As the saying goes, “Out of sight, out of mind”. This writer introduces citizen programmers to “retrieval-augmented generation” and vector searching
According to a Forbes article, nearly 90% of users in a survey will not return to a site if they have a bad experience there. While site reliability engineers are traditionally focused on the “five 9s” of ensuring a website remains up and accessible 99.999% of the time, that uptime aspect is apparently only a part of a positive user experience.
What else can cause a user to click away from a site and never return? Answer: not being able to discover what they were looking for.
Trying to search for something and not being unable to find it quickly and efficiently may be one of a web user’s most disappointing experiences. You want to build a site where that rarely happens. However, users make it very hard. Oftentimes, they do not know exactly what they are looking for. They have a picture in their mind of what they want but lack the precise terms, and their search ends up being submitted with keywords such as: “the thing that tightens screws.”
If a human hears such keywords, the response will be to return an index of screwdrivers:
- Articles about tightening techniques
- Blog posts on different types of screws
- Tools that have nothing to do with screwdrivers
This example happens all the time, every single day, countless times a day. However, the search engine on a website may not be so intuitive as to provide a good user experience to bring clarity even when a user lack this communication skill.
Now, let us consider another approach to search that offers possibilities not feasible with traditional keyword searching of databases alone.

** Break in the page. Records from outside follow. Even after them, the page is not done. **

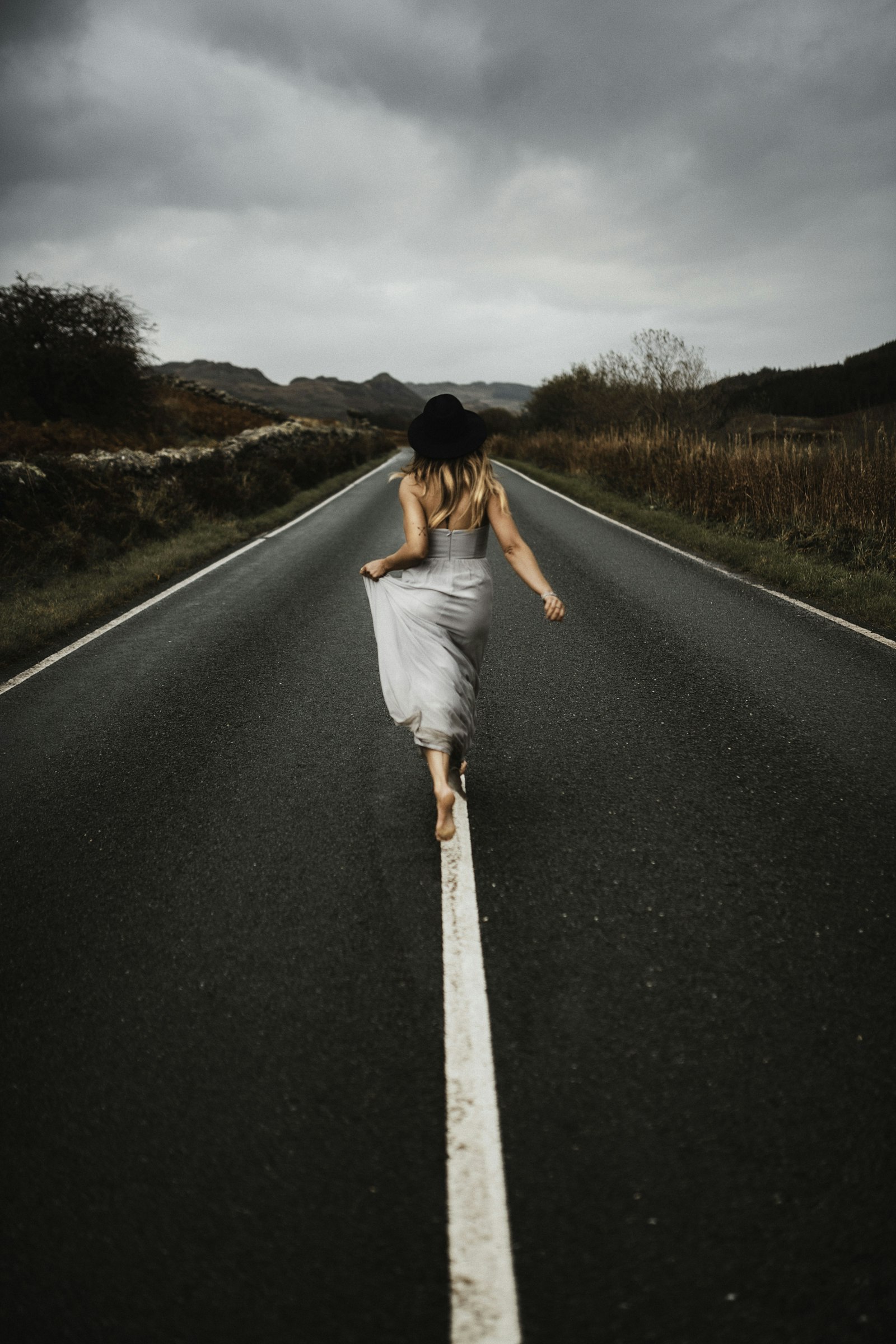 Nikon D850 + Sigma 35mm F1.4 DG HSM Art sample photo. Woman in white dress photography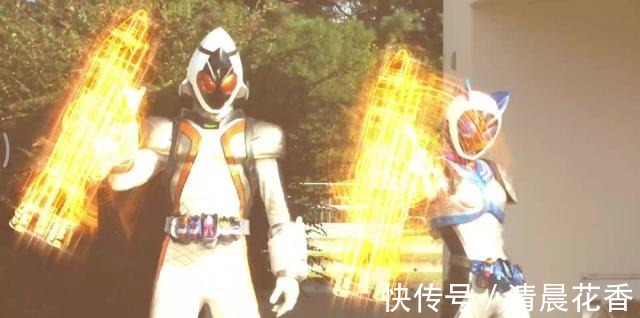 宿舍|假面骑士宿舍里值得模仿的变身动作，流氓甩手好评，女生也能学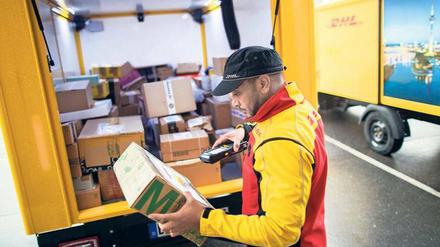 Von Menschenhand. Der Beruf des Paketzusteller wird nicht so schnell verschwinden. Aber er verändert sich. Foto: Rolf Vennenbernd/dpa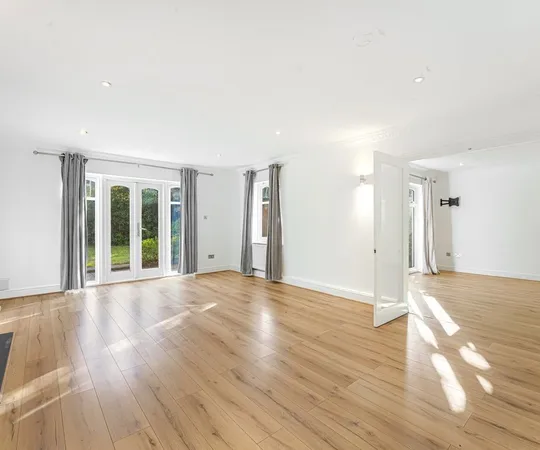 House Hanger Hill in Elmbridge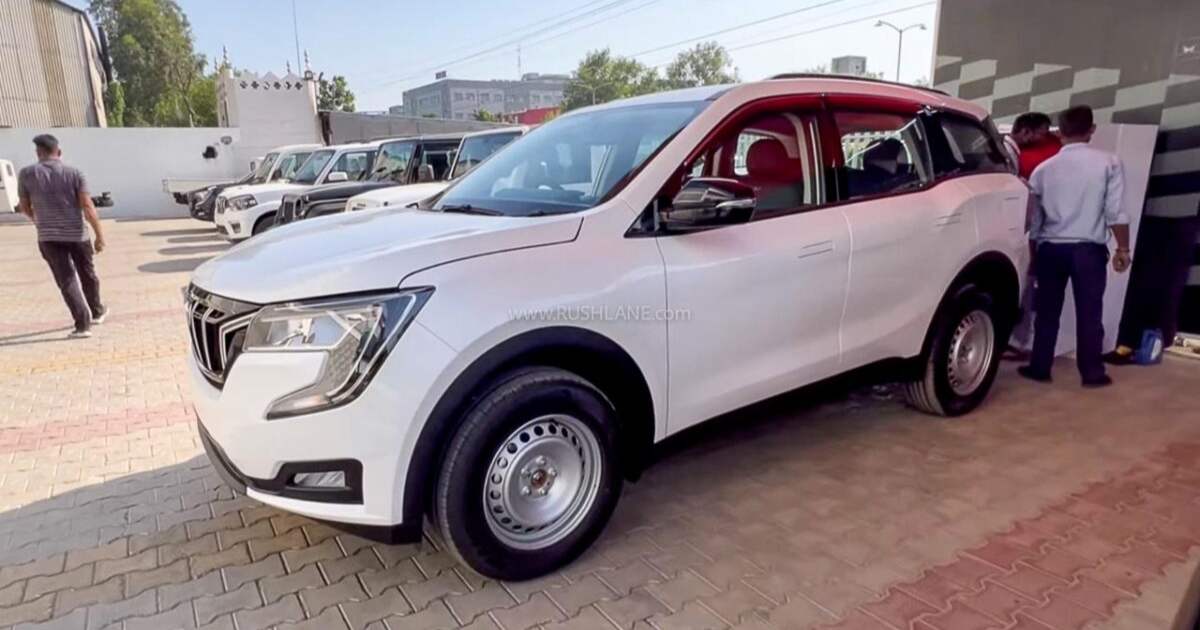 Exciting News: Mahindra XUV700 Automatic Petrol Base Variant Approved for Launch - snapshot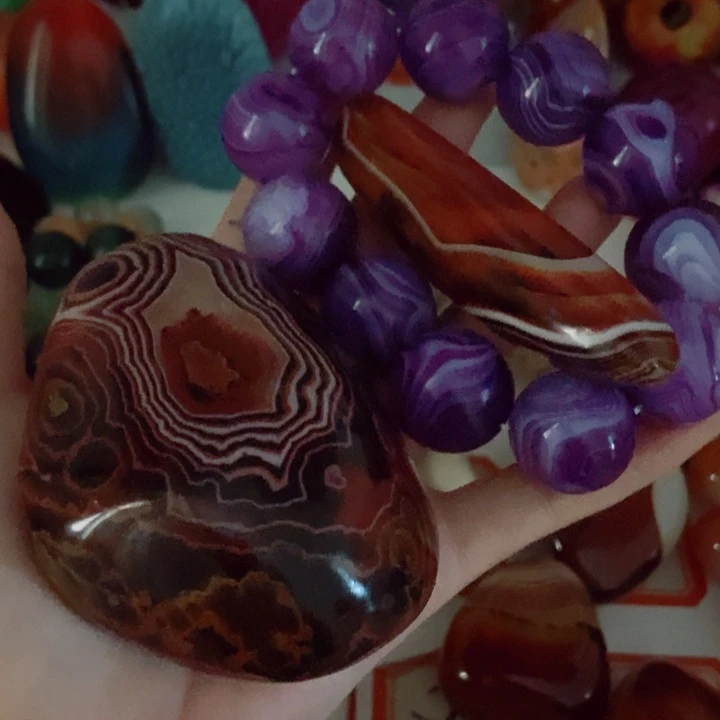 未镶嵌玛瑙/玉髓珠宝奇石S****l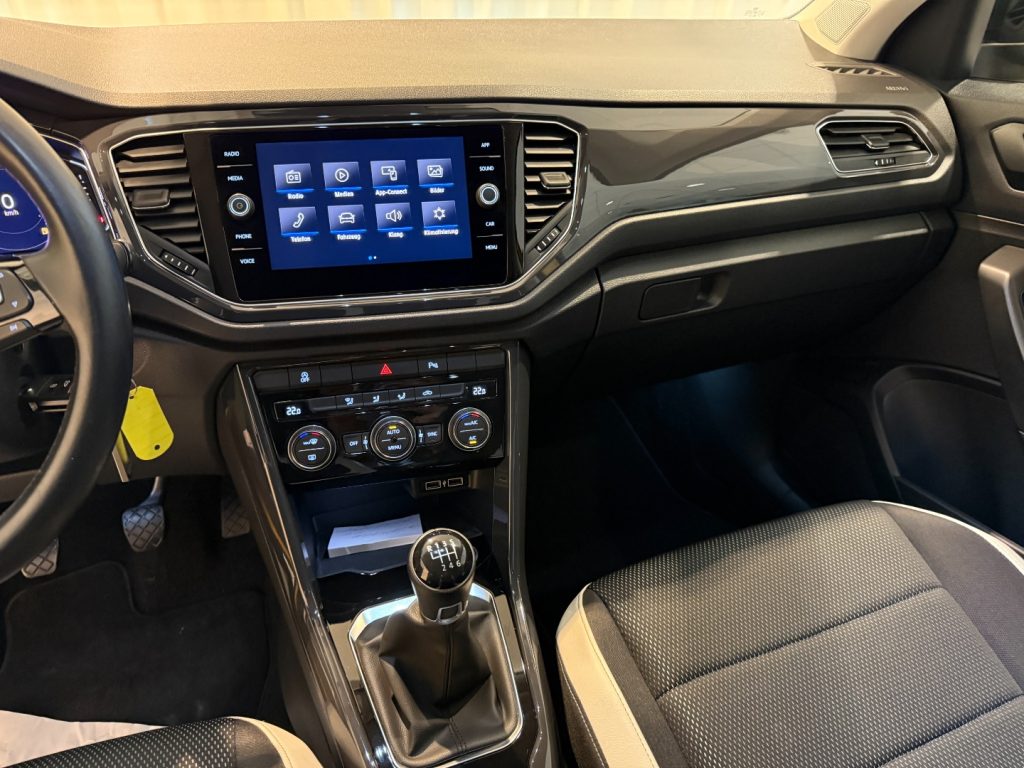 VOLKSWAGEN T-Roc 1.5 TSI Advanced Full LED 18 Camera AppConnect - 8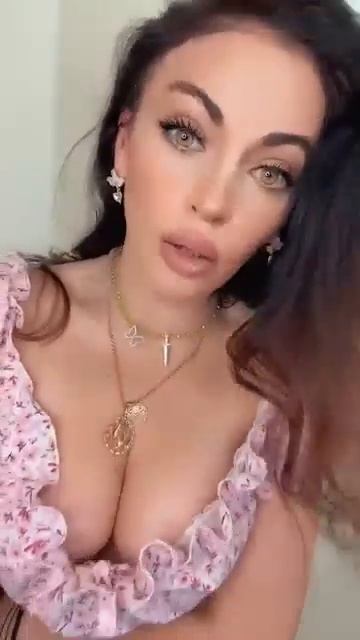 Пошла на уступку😂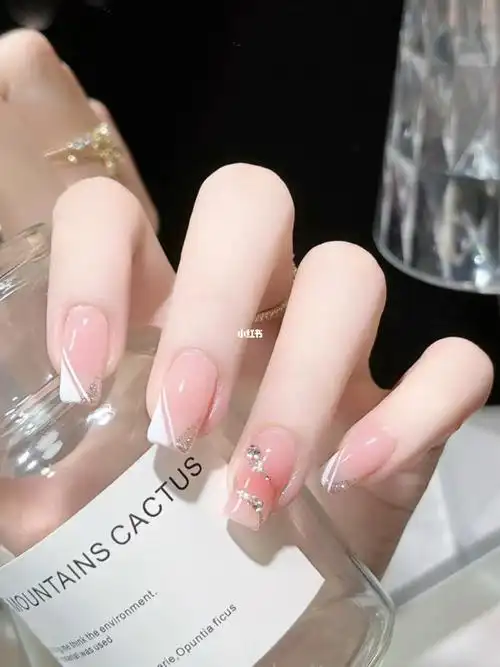 气质女神温柔裸色腮红拉线法式美甲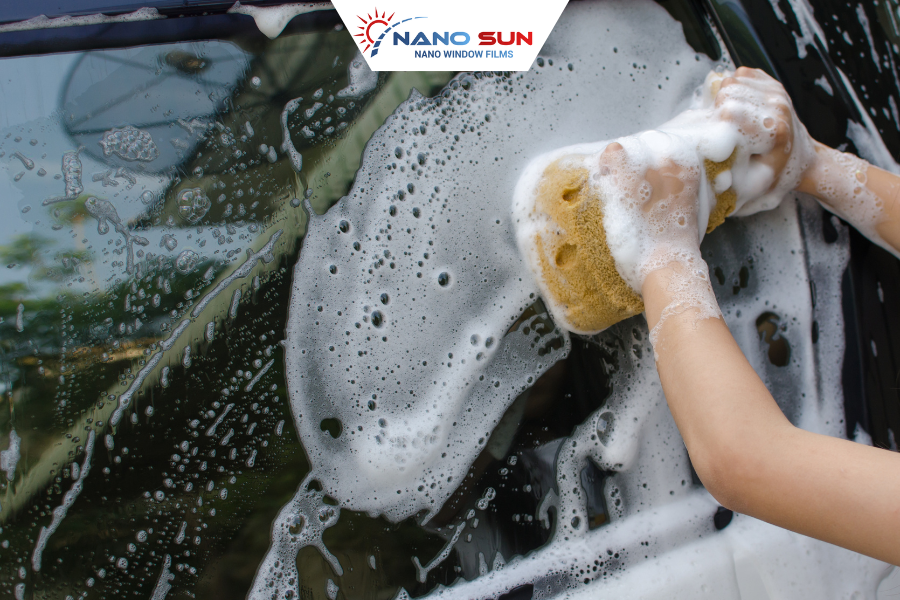 Giữ phim bền bằng cách vệ sinh đúng lúc, tránh vật nhọn, bảo dưỡng định kỳ
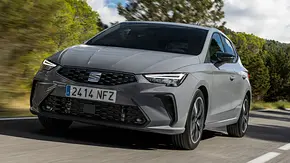 Das Seat Ibiza Facelift fahrend von schräg vorne links auf einer Landstraße. - Foto: Seat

Vectorizing search with machine learning
In search engine programming, one approach to enhance the accuracy and relevance of search results is a machine learning method that transforms textual data into high-dimensional vectors. This approach can capture the semantic relationships between words and phrases.
Called “vector search”, the approach is different from traditional keyword-based search (which relies on exact matches) in that it can “understanding” the context and meaning behind queries. Vector search delivers nearest-neighbor results, without requiring a direct match. Leveraging “retrieval-augmented generation (RAG)”, this approach converts text, images, audio, and video into mathematical representations and performs semantic searching that can overcome some of the challenges that can be encountered with generative AI large language models.
A simple vector search example
The process of converting textual data into numerical representations (to capture the meaning of words and phrases) is called “embedding”. This allows models to measure similarities between terms based on their usage and context in large datasets.
Embedding can lead to more nuanced and context-aware search functionalities, potentially advancing information retrieval and artificial intelligence. For example, a dataset containing the string “Your text string goes here” can be converted into vectors by assigning numerical values to each word, allowing a better machine understanding of relationships and similarities.
Each vector represents the semantic meaning of a keyword, allowing the search functionality to “understand” and retrieve relevant information based on context rather than just exact keyword matches.
To start off, the search engine converts user queries into vector representations using a simple dataset, comparing them against vectors already in the dataset. The vector search identifies that the query’s context and semantics are similar to “Your text string goes here”, allowing the engine to return the most relevant result based on the similarity of the vectors.
This process transforms uncertain and unclear user queries into a search with more certainty and clarity.
Storing and retrieving vector embeddings
Vector search is a crucial tool for websites that require quick and cost-effective storage and retrieval of vector embeddings.
As a site’s data grows, so do the vector embeddings, making any solution highly scalable. However, a generic database solution will not be suitable for vector search needs, as a special type of database is needed to handle high-dimensional embeddings efficiently, support rapid similarity searches, and optimize storage for large volumes of vectors.
A database designed specially for vector search ensures the search system remains performant and responsive, providing relevant results in real-time even as data scales. Such a “vector database” is expected to offer advanced indexing capabilities, support multiple data types, and integrate with popular AI frameworks and embedding generation tools.
Additionally, it should provide a quality search experience in offline environments, known as delivering computing “on the edge”.